Robert scratched his red hair. "Well," he said, "don't try to think about it so much... it's like riding a capercailzie, you fall off when you start pondering what you're doing. Just... g-glide..."
A sudden flinch made Cinnabar turn towards the stage again. One of the acrobats, garbed in bulgy sailor's trousers with a rope tied around her waist and a pad over one of her eyes, was walking on her hands on top of the yardarm, while juggling strawberries with her feet. She held on to a wooden knife with her teeth. It was first after a few moments that Cinnabar recognised that it was Becka Sommer, creating an immediate nausea. She smiled and raised one hand to greet the cheering masses.
He did not know whether it was the sight of her that stirred his bowels, but he suddenly realised he had to make a foray to the loo. Excusing himself, he left the table and scurried towards the entrance, where he found the bathrooms - secluded stalls separated by curtains, sawn holes in the woodwork, clay pipes stuck down into the rlangen waters.

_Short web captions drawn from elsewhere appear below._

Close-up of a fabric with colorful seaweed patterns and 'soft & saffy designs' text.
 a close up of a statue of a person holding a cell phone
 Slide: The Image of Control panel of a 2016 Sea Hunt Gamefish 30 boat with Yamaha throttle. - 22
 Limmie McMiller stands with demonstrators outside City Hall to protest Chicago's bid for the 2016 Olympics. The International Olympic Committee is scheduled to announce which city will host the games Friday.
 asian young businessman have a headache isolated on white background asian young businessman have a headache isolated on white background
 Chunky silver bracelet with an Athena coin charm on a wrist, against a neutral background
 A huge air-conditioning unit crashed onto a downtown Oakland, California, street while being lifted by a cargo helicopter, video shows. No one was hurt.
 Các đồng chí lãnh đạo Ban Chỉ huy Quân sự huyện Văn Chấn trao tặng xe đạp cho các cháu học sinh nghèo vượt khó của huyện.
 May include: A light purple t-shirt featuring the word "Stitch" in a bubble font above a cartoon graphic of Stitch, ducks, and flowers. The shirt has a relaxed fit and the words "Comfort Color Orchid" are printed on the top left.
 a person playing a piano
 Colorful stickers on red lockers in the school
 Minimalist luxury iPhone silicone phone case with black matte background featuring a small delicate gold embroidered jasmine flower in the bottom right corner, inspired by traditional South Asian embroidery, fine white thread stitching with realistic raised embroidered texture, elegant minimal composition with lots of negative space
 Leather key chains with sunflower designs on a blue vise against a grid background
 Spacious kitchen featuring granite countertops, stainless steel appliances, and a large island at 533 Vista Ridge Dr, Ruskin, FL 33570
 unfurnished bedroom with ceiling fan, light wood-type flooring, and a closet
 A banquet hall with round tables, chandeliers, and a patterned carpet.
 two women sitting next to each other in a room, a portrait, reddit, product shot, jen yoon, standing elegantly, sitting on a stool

After having relieved himself and moved out, he moved out into the cloudy evening, the red tint of the Sun visible beneath the clouds in the far-away western mountains. He sighed, seeping in the clear air of the lake, with only the tiniest taint of beer. Feeling tired, he moved towards the rails, looking down the dark waters of the lake.
A sudden creaking sound attracted his attention to his left side. Moving around, leaning against the wooden rail, he laid his eyes on a familiar sight, the butterfly-like Creaker beetle hovering above him.
"So..," he mumbled, "this is how it's like to be drunk? What you say, should I join Robbie for some more drinking now or wait till I've sobered up some more?"
Crik crik, the shining insect muttered.
Cinnabar moved his arms around his back, clasped his fingers together and started to move alongside the pier. There were couples holding hands or making out, respectable citizens taking their evening walks, and drunkards sitting on benches together and sipping on canisters filled with alcoholic liquids. Glennenmór, he thought, at the brink of ruin.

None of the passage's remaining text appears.